We are a big fan of interns here at 8BIT and even though we’ve only been around a little over a year, we’ve already had 5 interns. We love giving an all-access pass to young, rising professionals in our industry. And when I say all-access, I mean it! Much like 37signals, whom it is no secret we have a crush on, our organizational structure is flat. Hierarchies have their place to be sure, but we intentionally make little use of them in our org chart.
One of the by-products of this philosophy is that our interns, and even our embedded contractors, have full disclosure with our business. They know how much money we are bringing in, they have a say in how we are spending capital, and can therefore give educated counsel to us as we make decisions that guide the growth of our company.
Seriously, if you knew how transparent we are with each other, you’d probably question our judgement.
One such intern is Alex Morrison. He came in and from the very beginning he understood us, accepted us with all our quirks and character flaws (yes, we have them) and he fit right in.
But their was an unexpected twist in his journey with us that was, as they say, a career limiting style event.
Alex came in as a Design Intern and all was well and good, but our beloved intern had a bit of a professional identity crisis part way through the program. “I’m not sure I want to be a designer,” he said. “I’d much rather code CSS and markup.” This posed a problem because we really needed a designer! That’s why we went through the trouble of interviewing design students and freelance designers. It put us in a bind and threatened our milestones.
So we did what you’re supposed to do in those situations. We fired him with malice.
I thanked him for wasting our time and congratulated him on burning a bridge forever. Then I gave him 2 purple nurples, a wedgie AND an Indian burn that left a scar to this very day.
OK, that’s not exactly true.
We place a high value on transparency. As providence would have it, part of our culture is for each member of the team to focus on making our strengths stronger, and not burn unnecessary cycles trying to make our weaknesses into strengths. Don’t miss that! We want to love our work! And for that to happen, we need to feel free to gravitate towards the things that feel effortless to us.

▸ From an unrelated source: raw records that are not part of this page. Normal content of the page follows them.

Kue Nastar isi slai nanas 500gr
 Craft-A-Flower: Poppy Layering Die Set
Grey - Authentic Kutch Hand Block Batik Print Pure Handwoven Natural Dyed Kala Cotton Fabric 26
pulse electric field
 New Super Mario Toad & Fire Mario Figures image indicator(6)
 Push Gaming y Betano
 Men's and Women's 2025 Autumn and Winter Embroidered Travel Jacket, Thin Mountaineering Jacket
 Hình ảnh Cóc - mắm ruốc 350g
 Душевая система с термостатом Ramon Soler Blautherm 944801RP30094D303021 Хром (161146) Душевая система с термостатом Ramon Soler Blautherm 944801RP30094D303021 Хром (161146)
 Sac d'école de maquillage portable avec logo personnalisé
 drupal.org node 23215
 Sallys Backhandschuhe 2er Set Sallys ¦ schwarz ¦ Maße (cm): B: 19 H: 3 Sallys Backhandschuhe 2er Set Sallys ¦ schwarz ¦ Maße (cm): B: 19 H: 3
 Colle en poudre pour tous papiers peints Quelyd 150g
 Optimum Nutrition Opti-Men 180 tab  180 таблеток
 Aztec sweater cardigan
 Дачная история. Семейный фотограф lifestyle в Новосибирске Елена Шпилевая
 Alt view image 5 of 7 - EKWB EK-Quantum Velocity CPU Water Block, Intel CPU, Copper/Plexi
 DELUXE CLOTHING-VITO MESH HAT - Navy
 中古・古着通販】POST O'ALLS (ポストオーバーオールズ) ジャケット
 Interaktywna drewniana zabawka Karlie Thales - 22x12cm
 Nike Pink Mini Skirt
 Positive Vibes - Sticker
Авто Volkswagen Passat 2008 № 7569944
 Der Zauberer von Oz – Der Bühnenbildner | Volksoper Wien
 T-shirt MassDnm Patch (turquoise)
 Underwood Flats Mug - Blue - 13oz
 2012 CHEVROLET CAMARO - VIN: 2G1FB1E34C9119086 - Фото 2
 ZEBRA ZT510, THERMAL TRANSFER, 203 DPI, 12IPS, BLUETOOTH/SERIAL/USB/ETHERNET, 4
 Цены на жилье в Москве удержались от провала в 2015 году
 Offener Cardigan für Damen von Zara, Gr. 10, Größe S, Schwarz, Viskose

The work that recharges our batteries, and not churn and grind on things that sap our energy and make us miserable.
So when Alex came to us in full honesty and humility, and told us he preferred to be coding CSS and markup more than slinging pixels around in photoshop, we embraced him and we immediately started adapting his role to his interests and strengths. We’re a team and we stick together.
The result? He delivered. Big time.
Check out our product site that he implemented for Standard Theme. Or our new 8BIT landing page. He also created an as-yet-unreleased Standard Theme customization. And before he changed to the developer role, he polished and prepared our Standard Theme design kit.
It really has been a blast having Alex on the team. And even though his internship has ended, his relationship with the 8BIT family has not. He was with us during some monumental events in our young organization’s life and he made his mark on our team in his own, unique way.
If you need web development work done, contact Alex. His site is http://whatalexdoes.com and Don’t miss his portfolio!
Thanks again, Alex. The honor was ours. You joined us, improved us, and left us better than you found us. Our hope is that you can say the same about us.
Alex has been an 8BIT intern success story from beginning to end. We’re grateful!